I remember putting it on my head the first time. Oh, How painful that was! How uncomfortable I felt. But I also found great peace in this action so I kept doing it. Sunday after Sunday my chapel veil came with me. And something began to happen. I began to rest in my husband’s headship. Yes! Through this outward sign of submission- I began to rest in my husband’s leadership.
And as I surrendered myself to my husband’s leadership, my husband became a stronger leader! In little ways that at first I didn’t notice, in fact, I was annoyed by some of the changes. For instance, My husband and I have several little ones and making it to Mass on time is a
scrimmage challenge.

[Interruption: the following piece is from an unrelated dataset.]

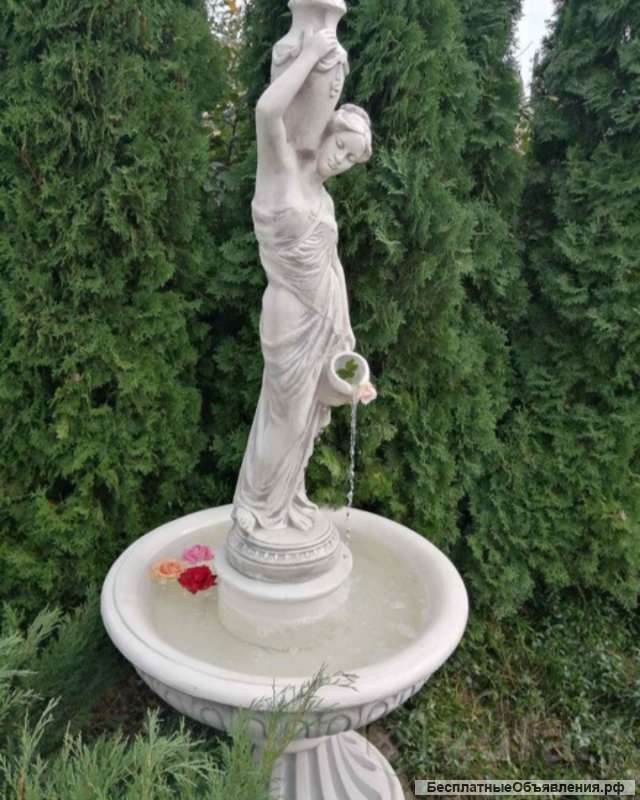 Фонтан для сада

My husband said one Sunday on our way to church, “We need to get to Mass before the Procession.” I groaned and complained, “But! that means more time with our children squirming in the pews!” he responded firmly, calmly, “No, to arrive after the procession is disrespectful. You wouldn’t arrive at court late. We should be there before the Procession.” Of course, he was right but what kept me from arguing further wasn’t the fact that he was correct, it was my little veil tucked in my purse. I remembered what it symbolized, my submission to my husband’s authority and here it was right in front of me, “We need to arrive before the Procession.” I kept quiet and the next Sunday I tried a bit harder to get the children ready for church on time. My husband appreciated my efforts he thanked me and we had more time for prayer together as a family. I do not think I would have done this prior to veiling – the outward sign is what helped me.
When I enter the Church and put on my veil, my mind turns to my Lord and with this turning of mind, I have grown in my reverence for the Eucharist. I have grown in modesty as well, I am much more mindful of what I wear to Church. My children love my chapel veil too. They see my mind turn to prayer as I enter in the Lord’s house and quietly veil. They see that the Lord’s house is different from other places and they see the reverence it is due through one simple symbol, my veil.
Every Sunday now, I veil and rest in my husband’s headship. I love it. He loves it. When I began veiling, I didn’t think it would change my spiritual life but it has. I didn’t think it would strengthen my marriage but it has. I didn’t think it would teach my children reverence, but it has. I didn’t think grace would come, but, oh, what grace! It was a little gift to my Lord, my loaves and fishes and oh, how he multiplies our loaves and fishes! We need outward signs of inward grace. We need symbols to help us understand realities that are difficult to grasp. Let us embrace those simple signs. If you are thinking of veiling- let go of your fears. Take the leap of faith, veil.